We first review the basic calculus used by AD, and then we present the two modes of AD.

The basic ideas of AD rely heavily (almost exclusively) on the chain rule of calculus. As a brief refresher, suppose we have a composition of two functions $y = f(g(x))$. Recall that the chain rule gives us a method for computing the derivative with respect to $x$:

\[\frac{\partial y}{\partial x} = \frac{\partial f}{\partial g} \cdot \frac{\partial g}{\partial x}.\]We can generalize this to arbitrary compositions of functions,

\[f_1 \circ f_2 \circ \dots \circ f_k,\]in which case the chain rule yields

\[\frac{\partial y}{\partial x} = \frac{\partial f_1}{\partial f_2} \cdot\frac{\partial f_2}{\partial f_3} \dots \frac{\partial f_{k}}{\partial x}.\]At its core, one can think of AD as a clever software implementation of the chain rule.
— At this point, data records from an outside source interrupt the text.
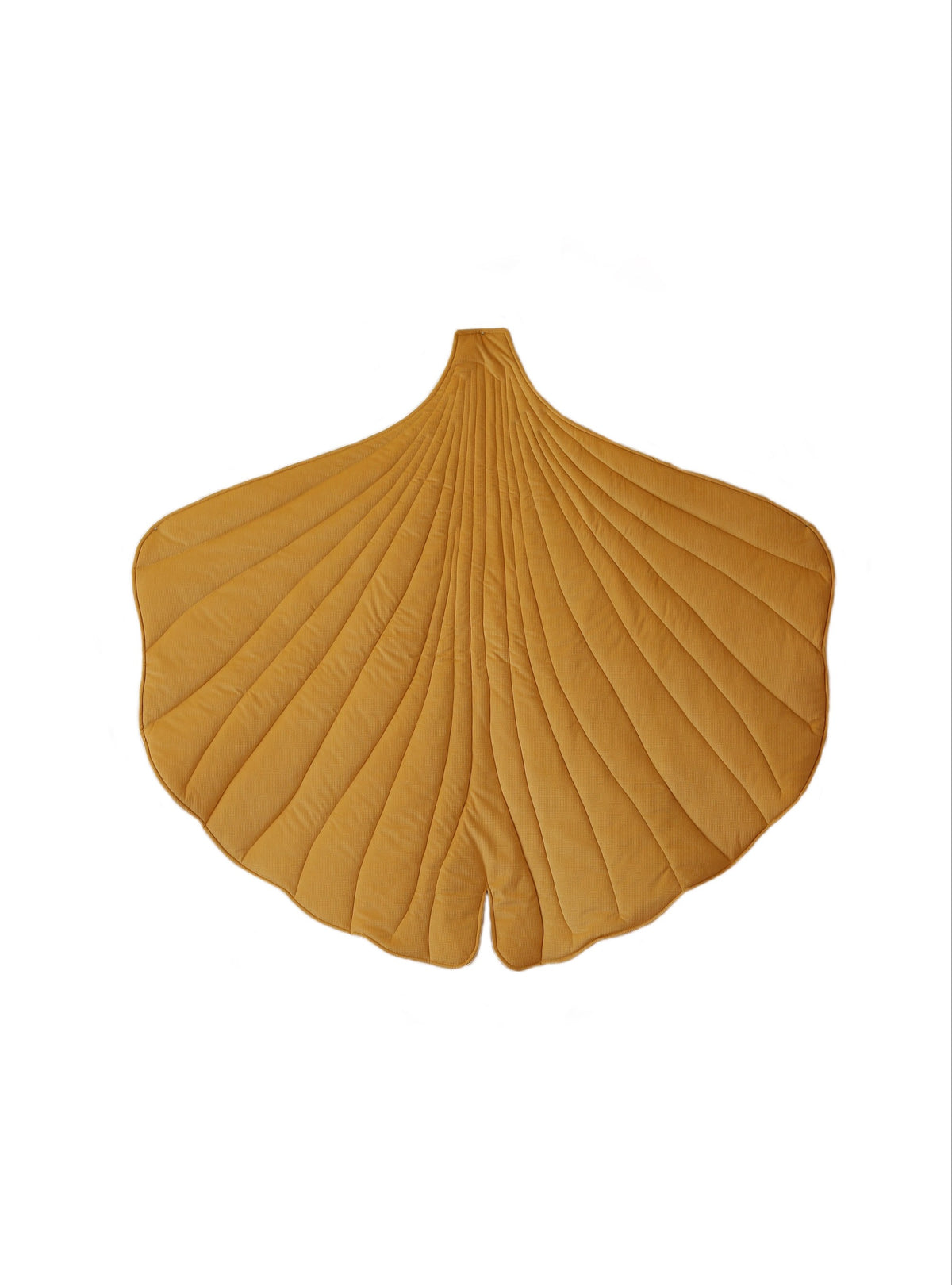 Ginkgo-Spielmatte Bio-Baumwolle Gelb – Ansicht 5 | Elena Home Living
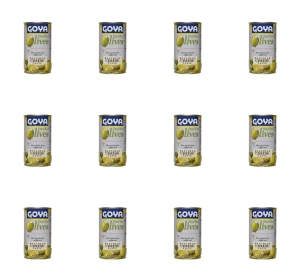 Goya Oliwki nadziewane serem Manchego 350g X12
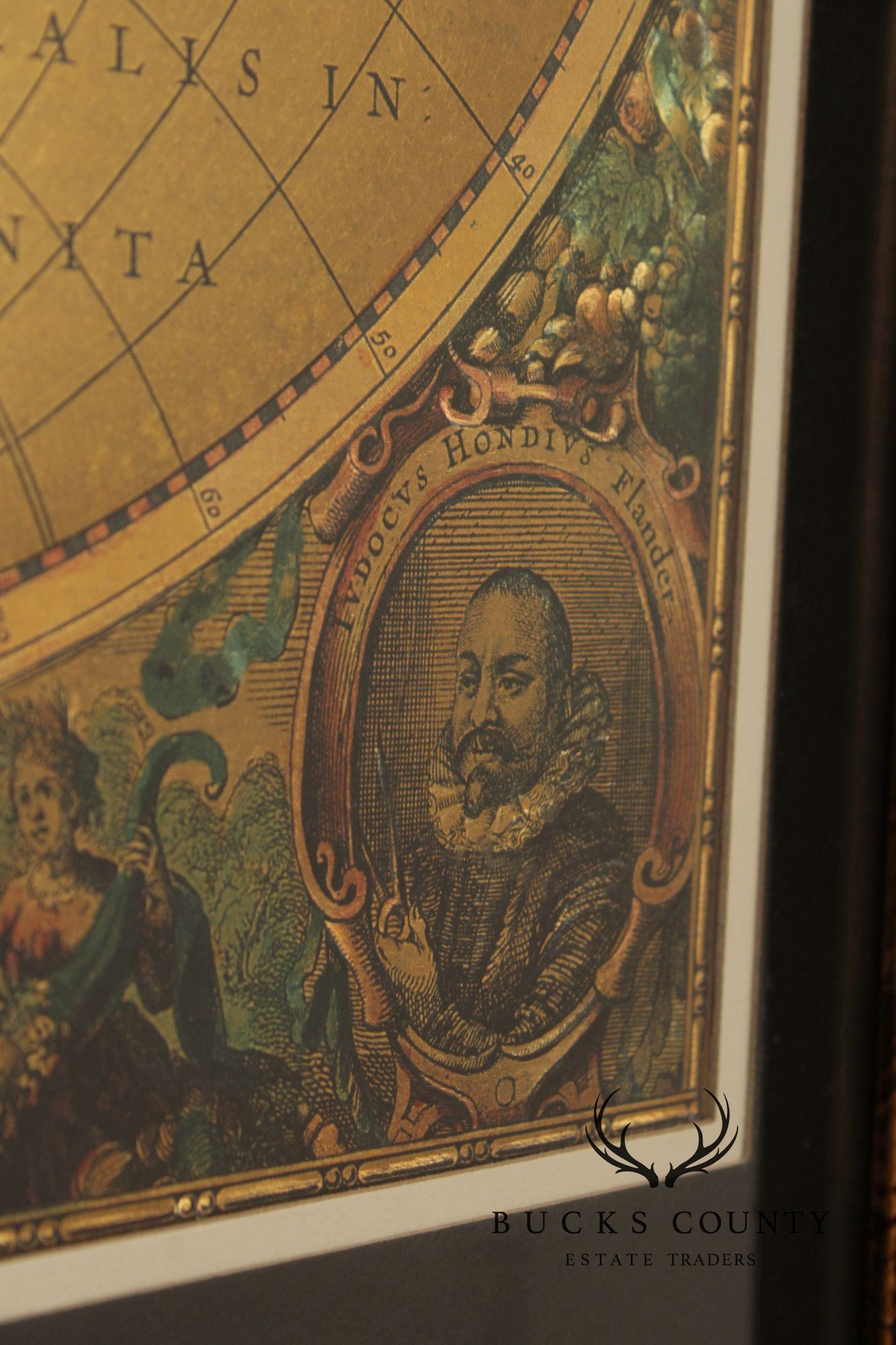 Manifestations 'Magic Effects' Old World Map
By decomposing complex derivatives into simpler partial derivatives, we can make it manageable to find extensible software that can compute derivatives of any code.

For this post, let’s consider the following simple function $f : \mathbb{R}^2 \rightarrow \mathbb{R}$ as a running example:

\begin{equation} y = f(x_1, x_2) = e^{2 x_1} + x_1 x_2^2 + \cos x_2. \tag{1} \label{eq:running_example} \end{equation}

We’ll use this function as a testbed throughout this post.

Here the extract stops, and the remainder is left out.